(Data records begins)

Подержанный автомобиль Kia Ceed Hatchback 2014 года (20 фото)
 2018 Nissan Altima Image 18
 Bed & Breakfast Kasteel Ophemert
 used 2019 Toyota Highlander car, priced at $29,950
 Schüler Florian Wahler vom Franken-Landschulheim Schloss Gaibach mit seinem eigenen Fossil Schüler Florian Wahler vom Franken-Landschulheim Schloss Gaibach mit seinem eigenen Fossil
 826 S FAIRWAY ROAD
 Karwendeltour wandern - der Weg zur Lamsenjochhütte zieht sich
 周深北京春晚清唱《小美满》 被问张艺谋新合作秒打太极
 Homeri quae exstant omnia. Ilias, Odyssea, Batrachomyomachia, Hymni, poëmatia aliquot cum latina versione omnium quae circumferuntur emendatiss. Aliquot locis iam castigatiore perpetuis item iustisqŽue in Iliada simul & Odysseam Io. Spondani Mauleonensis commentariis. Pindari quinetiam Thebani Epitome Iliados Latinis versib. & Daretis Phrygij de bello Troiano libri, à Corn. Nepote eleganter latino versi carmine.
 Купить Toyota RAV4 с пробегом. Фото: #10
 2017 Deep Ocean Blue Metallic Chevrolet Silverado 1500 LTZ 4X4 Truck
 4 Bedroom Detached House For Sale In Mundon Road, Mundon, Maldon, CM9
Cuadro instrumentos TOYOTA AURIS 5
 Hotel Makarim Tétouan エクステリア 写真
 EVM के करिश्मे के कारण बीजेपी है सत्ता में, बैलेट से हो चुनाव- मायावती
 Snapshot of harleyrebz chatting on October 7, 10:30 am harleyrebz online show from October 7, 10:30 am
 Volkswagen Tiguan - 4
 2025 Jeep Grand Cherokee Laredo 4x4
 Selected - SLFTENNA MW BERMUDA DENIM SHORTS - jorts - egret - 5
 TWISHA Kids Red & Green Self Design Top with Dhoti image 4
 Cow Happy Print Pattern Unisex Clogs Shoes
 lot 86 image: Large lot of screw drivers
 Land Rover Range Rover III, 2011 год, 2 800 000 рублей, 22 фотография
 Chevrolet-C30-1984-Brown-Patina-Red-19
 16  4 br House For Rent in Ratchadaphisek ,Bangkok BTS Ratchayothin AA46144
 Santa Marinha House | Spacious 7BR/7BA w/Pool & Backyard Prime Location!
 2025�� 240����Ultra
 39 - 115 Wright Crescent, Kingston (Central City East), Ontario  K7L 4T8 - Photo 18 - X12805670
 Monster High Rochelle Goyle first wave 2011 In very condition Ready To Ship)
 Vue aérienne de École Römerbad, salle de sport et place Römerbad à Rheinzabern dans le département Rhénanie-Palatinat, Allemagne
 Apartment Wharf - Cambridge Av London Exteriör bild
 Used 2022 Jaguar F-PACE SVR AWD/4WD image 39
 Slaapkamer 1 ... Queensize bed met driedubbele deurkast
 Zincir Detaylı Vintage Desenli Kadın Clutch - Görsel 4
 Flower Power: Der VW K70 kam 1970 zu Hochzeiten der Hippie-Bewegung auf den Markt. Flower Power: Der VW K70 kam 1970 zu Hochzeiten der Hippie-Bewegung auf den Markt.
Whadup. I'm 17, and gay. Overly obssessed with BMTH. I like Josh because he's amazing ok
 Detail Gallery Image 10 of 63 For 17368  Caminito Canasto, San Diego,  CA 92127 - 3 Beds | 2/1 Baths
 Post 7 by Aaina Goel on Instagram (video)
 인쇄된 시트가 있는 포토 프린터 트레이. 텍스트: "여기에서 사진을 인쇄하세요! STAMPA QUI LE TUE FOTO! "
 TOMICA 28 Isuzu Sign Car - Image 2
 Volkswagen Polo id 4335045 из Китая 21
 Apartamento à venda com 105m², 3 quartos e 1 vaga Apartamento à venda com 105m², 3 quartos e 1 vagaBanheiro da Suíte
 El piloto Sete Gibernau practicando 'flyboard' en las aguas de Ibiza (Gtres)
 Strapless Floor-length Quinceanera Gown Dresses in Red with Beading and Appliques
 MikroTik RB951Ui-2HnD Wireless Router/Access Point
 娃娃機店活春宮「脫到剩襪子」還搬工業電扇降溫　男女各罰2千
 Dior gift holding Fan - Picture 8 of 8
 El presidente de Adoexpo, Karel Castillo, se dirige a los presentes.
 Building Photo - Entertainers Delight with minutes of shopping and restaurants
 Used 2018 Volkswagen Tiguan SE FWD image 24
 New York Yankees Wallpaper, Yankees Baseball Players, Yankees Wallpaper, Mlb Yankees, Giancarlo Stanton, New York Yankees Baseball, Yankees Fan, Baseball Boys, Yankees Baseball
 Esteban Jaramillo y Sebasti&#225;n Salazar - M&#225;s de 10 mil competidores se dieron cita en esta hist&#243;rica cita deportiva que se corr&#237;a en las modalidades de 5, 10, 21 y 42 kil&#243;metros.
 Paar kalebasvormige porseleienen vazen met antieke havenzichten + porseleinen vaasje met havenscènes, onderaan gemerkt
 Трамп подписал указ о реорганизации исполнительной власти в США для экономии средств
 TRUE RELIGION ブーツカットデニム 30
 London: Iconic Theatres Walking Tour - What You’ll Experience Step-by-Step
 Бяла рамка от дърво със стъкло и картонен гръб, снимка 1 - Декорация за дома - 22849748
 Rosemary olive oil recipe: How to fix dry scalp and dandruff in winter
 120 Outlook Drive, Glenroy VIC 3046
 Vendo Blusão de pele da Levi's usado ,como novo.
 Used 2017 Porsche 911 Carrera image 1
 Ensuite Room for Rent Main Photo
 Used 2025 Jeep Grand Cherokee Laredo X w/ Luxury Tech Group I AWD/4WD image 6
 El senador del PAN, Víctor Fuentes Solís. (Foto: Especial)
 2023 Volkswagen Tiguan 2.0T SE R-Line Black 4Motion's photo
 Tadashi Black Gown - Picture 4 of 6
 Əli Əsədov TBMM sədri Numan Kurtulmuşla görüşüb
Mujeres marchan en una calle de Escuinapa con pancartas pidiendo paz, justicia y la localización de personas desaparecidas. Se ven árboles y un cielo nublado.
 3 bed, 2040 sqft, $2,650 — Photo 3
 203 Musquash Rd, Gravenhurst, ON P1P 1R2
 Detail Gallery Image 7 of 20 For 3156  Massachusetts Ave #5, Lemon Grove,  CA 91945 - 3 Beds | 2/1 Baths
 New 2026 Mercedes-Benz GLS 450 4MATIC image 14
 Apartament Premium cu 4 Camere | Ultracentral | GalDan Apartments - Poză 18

(Data records ends)

* _What you need to do_
For this task, write out exactly the lines of the entries above, starting at the line with "Monster High Rochelle" and ending at the line with "Slaapkamer 1 ...", both included, and no others.

* _Solution for this task_
 Monster High Rochelle Goyle first wave 2011 In very condition Ready To Ship)
 Vue aérienne de École Römerbad, salle de sport et place Römerbad à Rheinzabern dans le département Rhénanie-Palatinat, Allemagne
 Apartment Wharf - Cambridge Av London Exteriör bild
 Used 2022 Jaguar F-PACE SVR AWD/4WD image 39
 Slaapkamer 1 ... Queensize bed met driedubbele deurkast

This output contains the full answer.